Intentionally violating an injunction is against the law. There are two ways to get help if the abuser violates the injunction – through the criminal court and the civil court.
Through the Police or Sheriff
If the abuser violates the injunction, you can call 911 immediately. In some cases, the abuser can be arrested right away.1 Tell the officers you have a restraining order and the abuser is violating it.
It is a good idea to write down the name of the responding officers and their badge number in case you want to follow up on your case. Make sure a police report is filled out. If you have legal documentation of all violations of the order, it could help you if you ever want to have the order extended or modified.
If the abuser is arrested, then the district attorney can prosecute the abuser because it is a crime to violate an injunction. If s/he is found guilty of a violation of a restraining order, the abuser may be fined and/or put in jail.

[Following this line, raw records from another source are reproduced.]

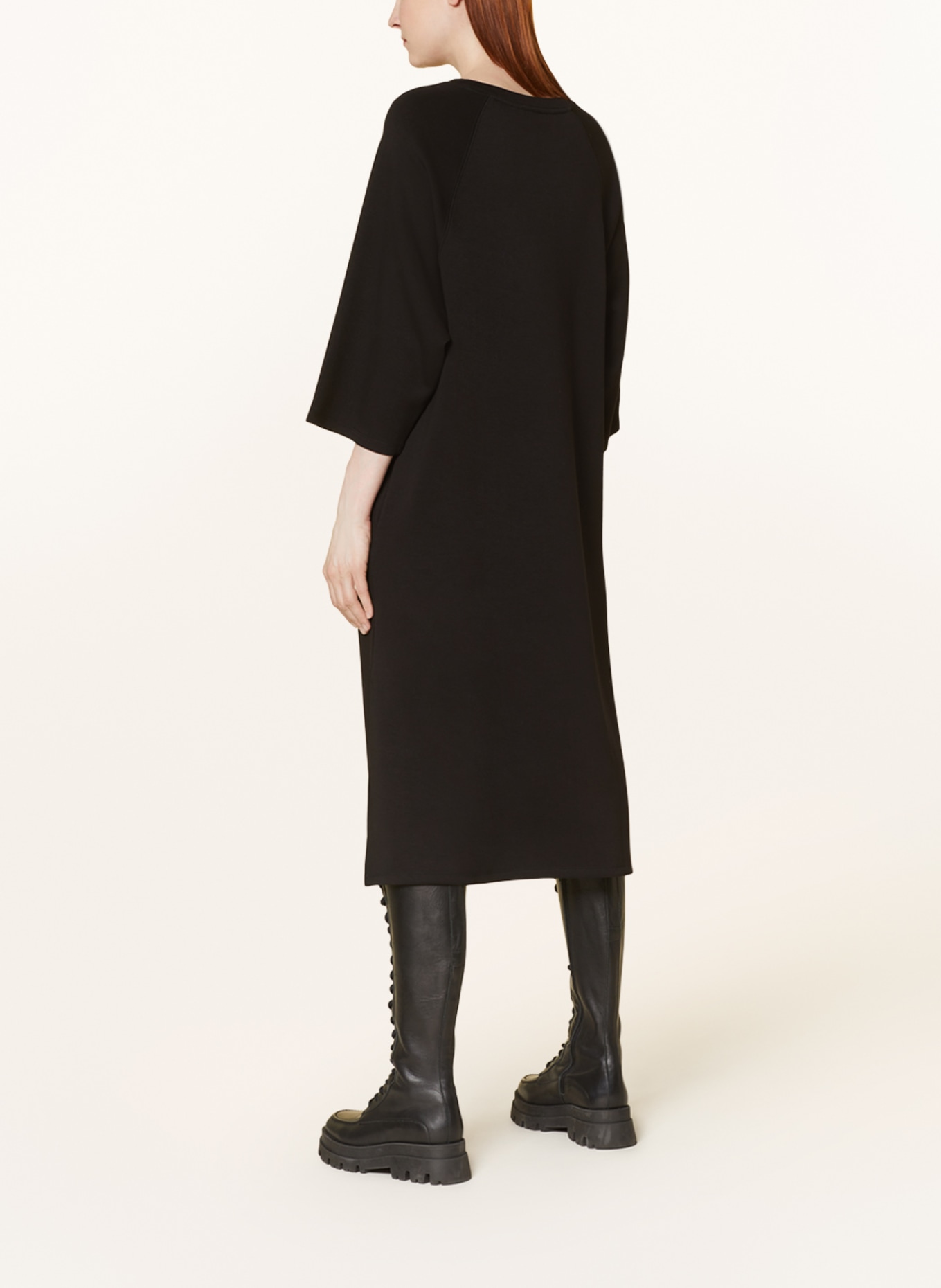 MSCH COPENHAGEN Jersey dress MSCHPETUA with 3/4 sleeves, Color: BLACK (Image 3)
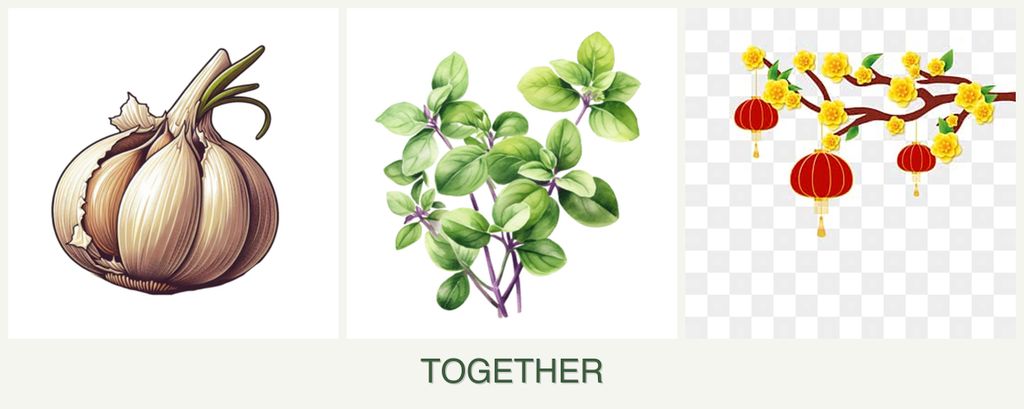 Can you plant garlic, oregano and apricots together?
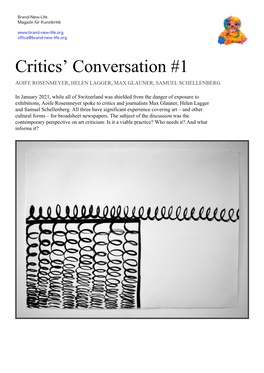 Critics' Conversation #1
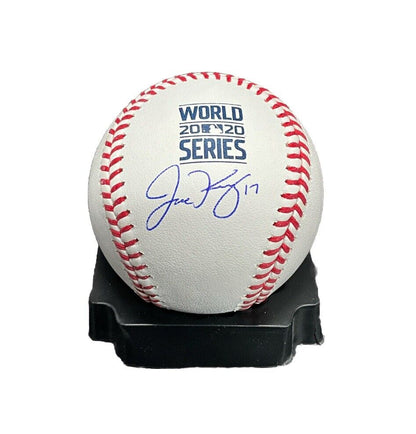 JOE KELLY DODGERS WS CHAMPION SIGNED 2020 WORLD SERIES BASEBALL PSA WITNESS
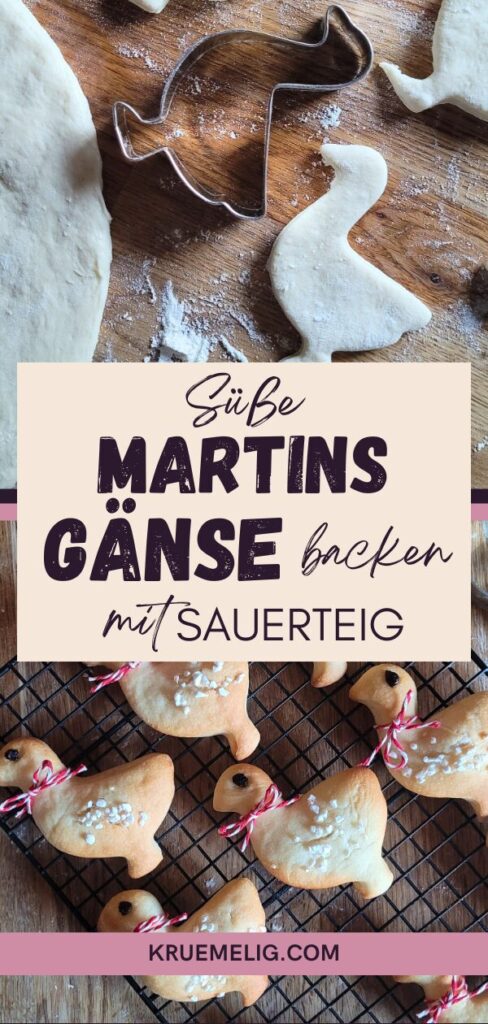 
Süße Martinsgänse mit Sauerteig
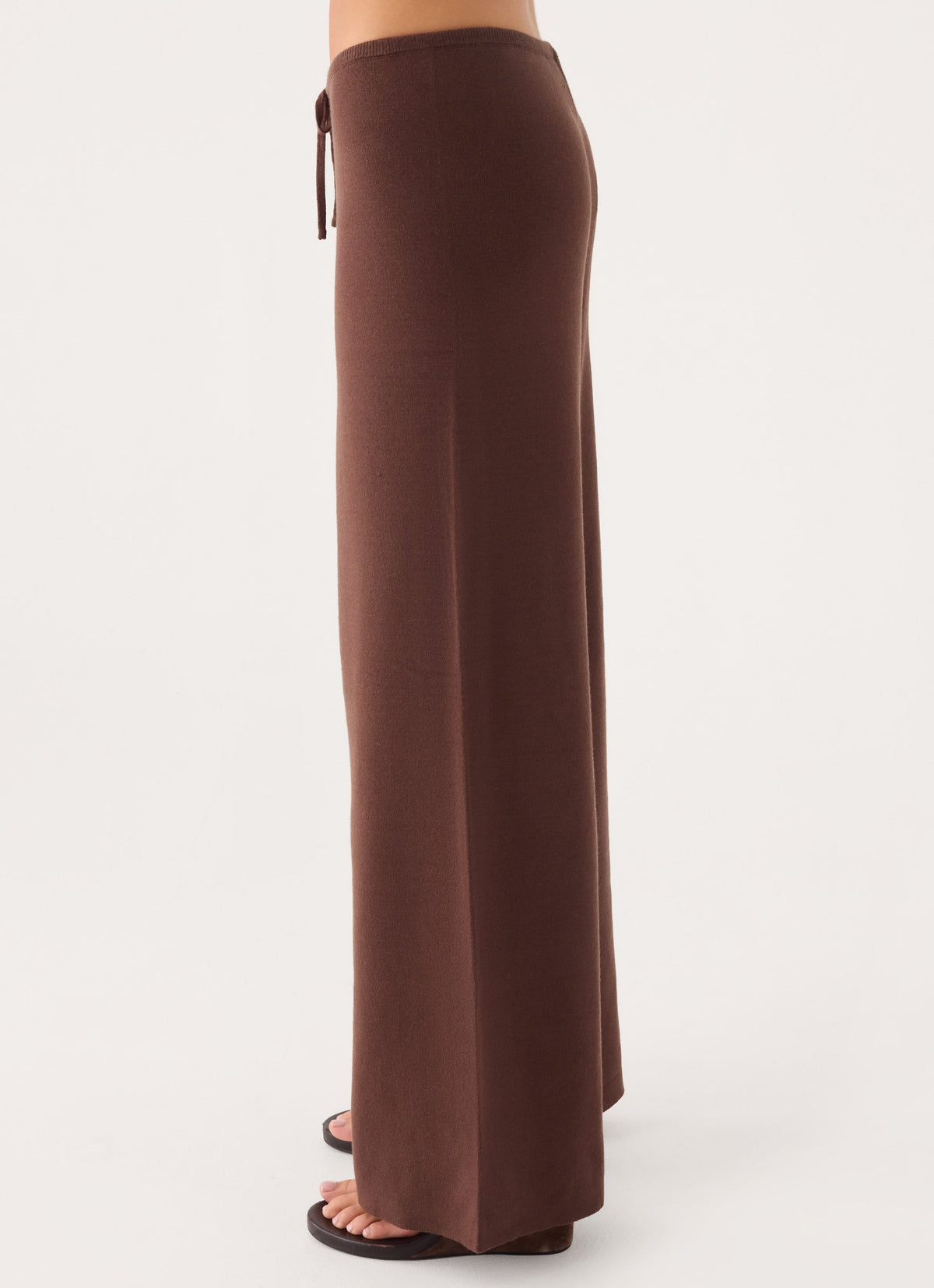 Aviara Knit Low Rise Pant - Chocolate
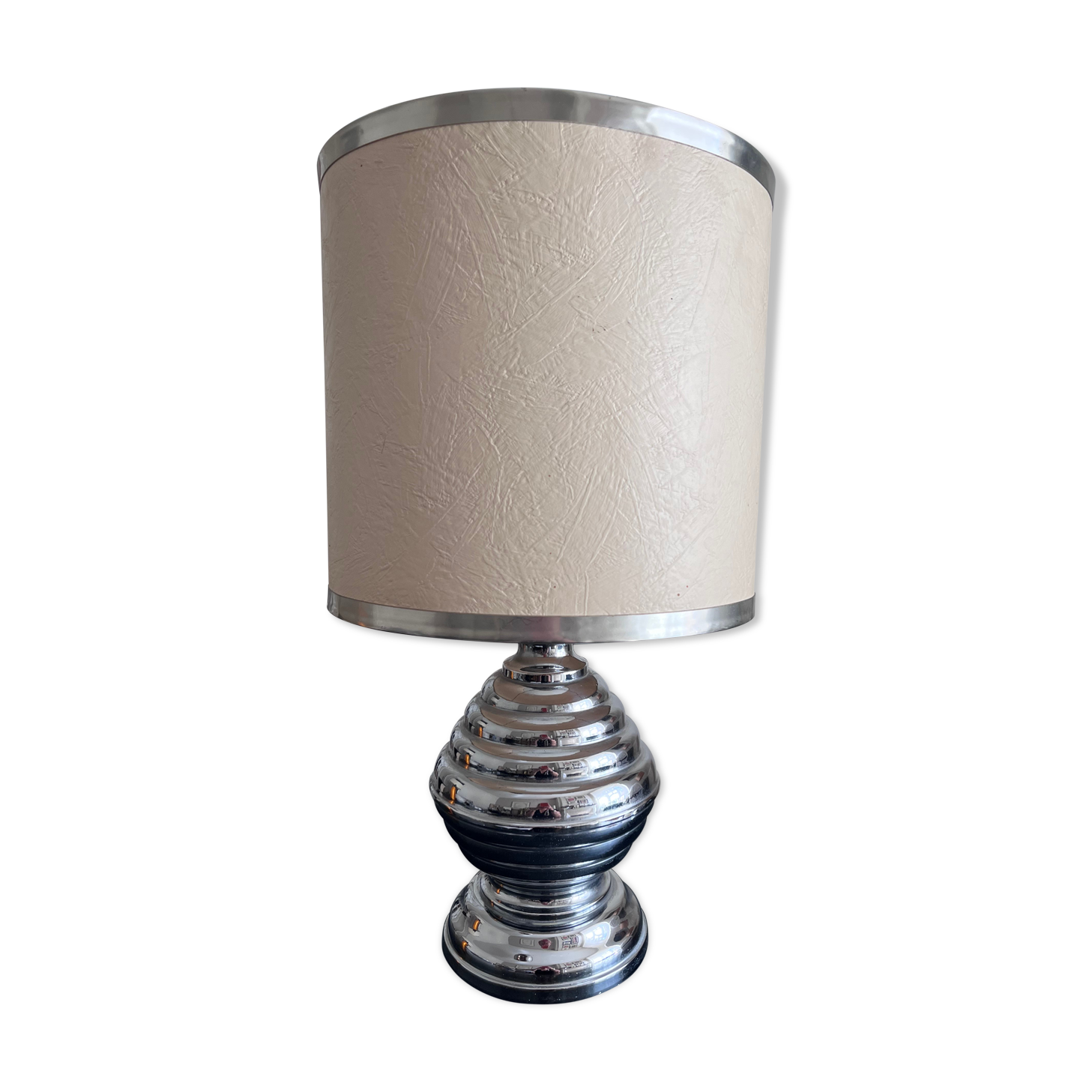 Lamp in chrome metal 70s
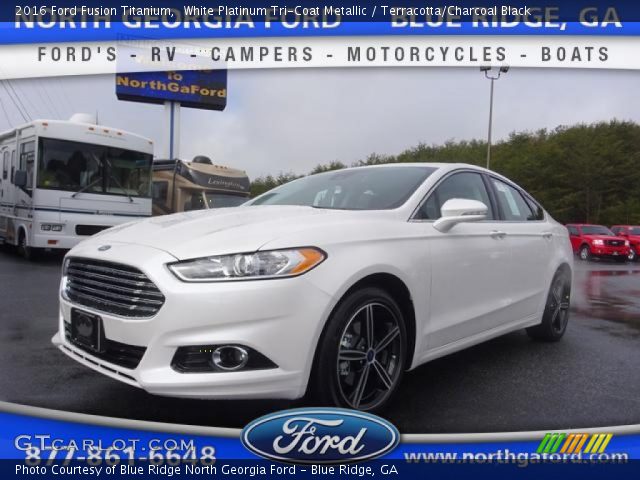 2016 Ford Fusion Titanium in White Platinum Tri-Coat Metallic
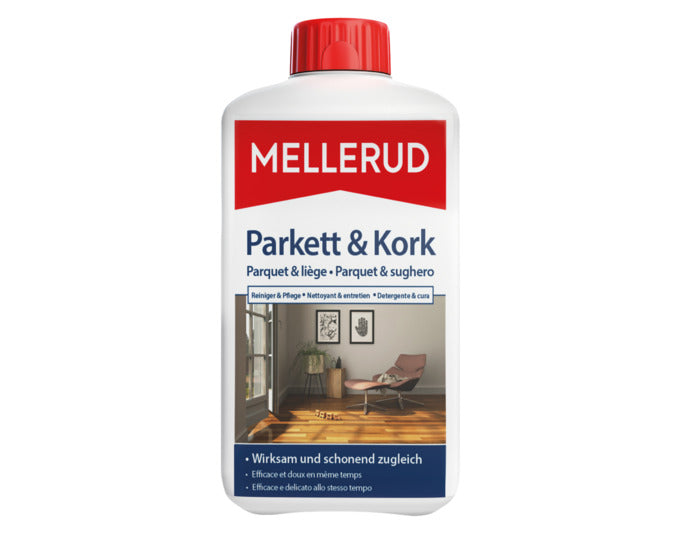 MELLERUD Parkett und Kork Reiniger und Pf lege 1.0 l in  präsentiert im Onlineshop von KAQTU Design AG. Reinigungsmittel ist von MELLERUD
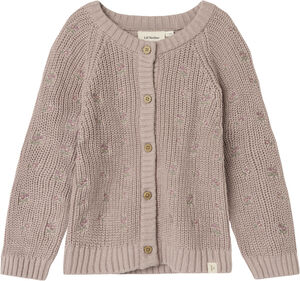 NMFEMLEN EMB AO LS KNIT CARD LIL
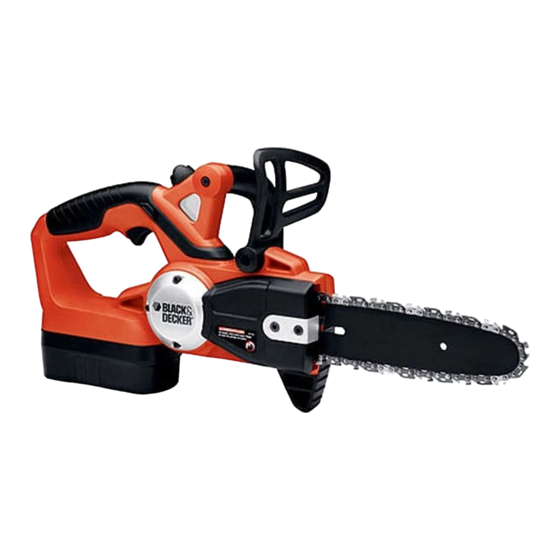 Black and Decker CCS818 Manual De Instrucciones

Through the Civil Court System
You may file for “civil contempt” for a violation of the order. The abuser can be held in civil contempt if s/he does anything that your injunction tells him/her not to do. To file for civil contempt, go to the clerk’s office and tell him/her that your abuser has violated the injunction and you want to file for civil contempt. A finding of civil contempt can result in a fine or jail time for the abuser.2
Note: If the abuser violates the order and the police do not make an arrest or charge the abuser with a violation of a court order, you can contact the Wisconsin Office of Crime Victim Services if you feel the police did not take appropriate action. You might also want to get the help of a domestic violence advocate who may be able to help advocate with the police or the district attorney on your behalf.